Error message:
After a fresh installation of CheckMK RAR on RHEL 9 via dnf install ./check-mk-raw-2.1.0p27-el9-38.x86_64.rpm no graphs are shown for the services. I get this message “No historic metrics recorded but performance data is available. Maybe performance data processing is disabled.”
~/var/pnp4nagios/perfdata is empty.
Is set SELinux on the host to permissive.
rrdcached.log is 0 byte
in the npcd.log i found
[05-13-2023 00:45:58] NPCD: ERROR: Executed command exits with return code ‘2’
[05-13-2023 00:45:58] NPCD: ERROR: Command line was ‘/omd/sites/uni_oldenburg/lib/pnp4nagios/process_perfdata.pl -n -c /omd/sites/mysite/etc/pnp4nagios/process_perfdata.cfg -b /omd/sites/mysite/var/pnp4nagios/spool//perfdata.1683931445’
Output of “cmk --debug -vvn hostname”: (If it is a problem with checks or plugins)
=> Command not found
Can't locate lib.pm in @INC (you may need to install the lib module) (@INC contains: /omd/sites/mysite/local/lib/perl5/lib/perl5 /omd/sites/mysite/lib/perl5/lib/perl5/x86_64-linux-thread-multi /omd/sites/mysite/lib/perl5/lib/perl5 /usr/local/lib64/perl5/5.32 /usr/local/share/perl5/5.32 /usr/lib64/perl5/vendor_perl /usr/share/perl5/vendor_perl /usr/lib64/perl5 /usr/share/perl5) at /omd/sites/mysite/lib/pnp4nagios/process_perfdata.pl line 20.

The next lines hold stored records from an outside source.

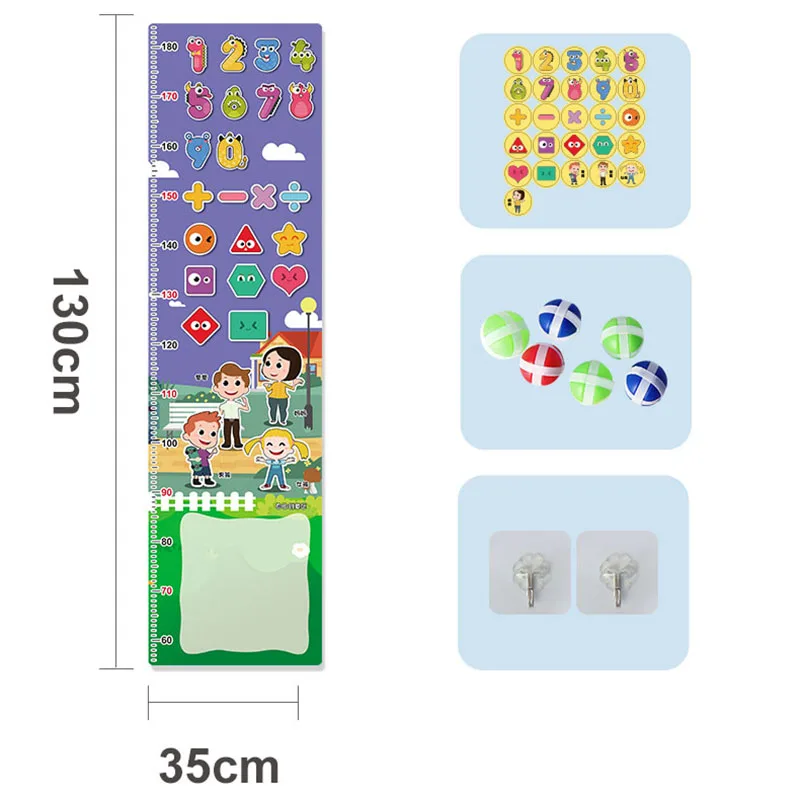 

Baby Montessori Toys for Kids Measure Height Ruler Throwing Ball Target Dart Indoor Toys for Children Boys Girl Educational Gift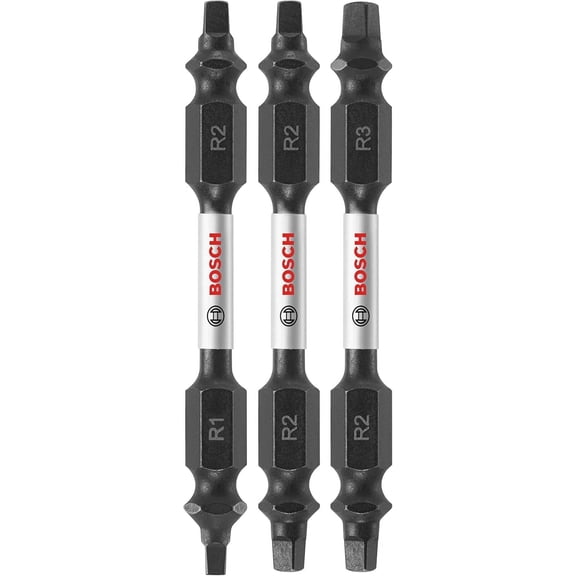 FRKSMD-BOSCH ITDESQV2503 3-Piece 2-1/2 In. Impact Tough Double-Ended Screwdriving Bit Assorted Set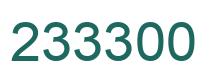 Number 233300 green image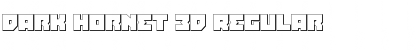 Dark Hornet 3D Regular Font
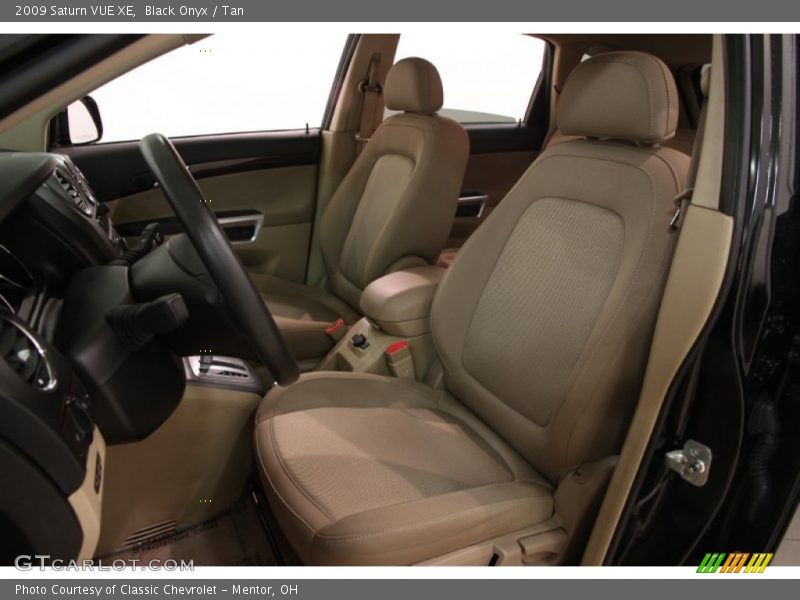 Front Seat of 2009 VUE XE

BEGIN failed--compilation aborted at /omd/sites/mysite/lib/pnp4nagios/process_perfdata.pl line 20.
I created an internal ticket, so this will be fixed in a future release.
As there is a valid workaround, I think we should be good.
Thanks for reporting this @florian.hanner and welcome to the community!
I had the RAW p27 in Oracle Linux 9 when I detected the issue (high cpu usage and graphs not being created), manual installation of perl-lib fixed the perfdata errors, graphs are getting created with punctual ERROR 7 appearing in logs, the only issue we see is the var/rrdcached/ directory getting full of rrd.journal.* files.
None of the following reconfigurations have worked for processing the “stale” journal files: A flush rrd via the socket, update to latest omd, fine tune the related config files -updating timeouts, load thresholds-, upgrade vcpus from 4 to 6 (120 hosts, 2400 checks).
This behavior only happens in the 2.x version, same configurations in 1.6.0p24.cre work as expected (graphs created, only a couple of rrd journal files) with quite lower CPU, memory and IO usage (in 2.x service check performance jumps from 2 to 33 seconds without a clear reason).
Strangly enough, restarting the omd.service via systemctl restart omd.service fixed the rddcached issue. Restarting only the instance did not process previous journal files nor generated graphs.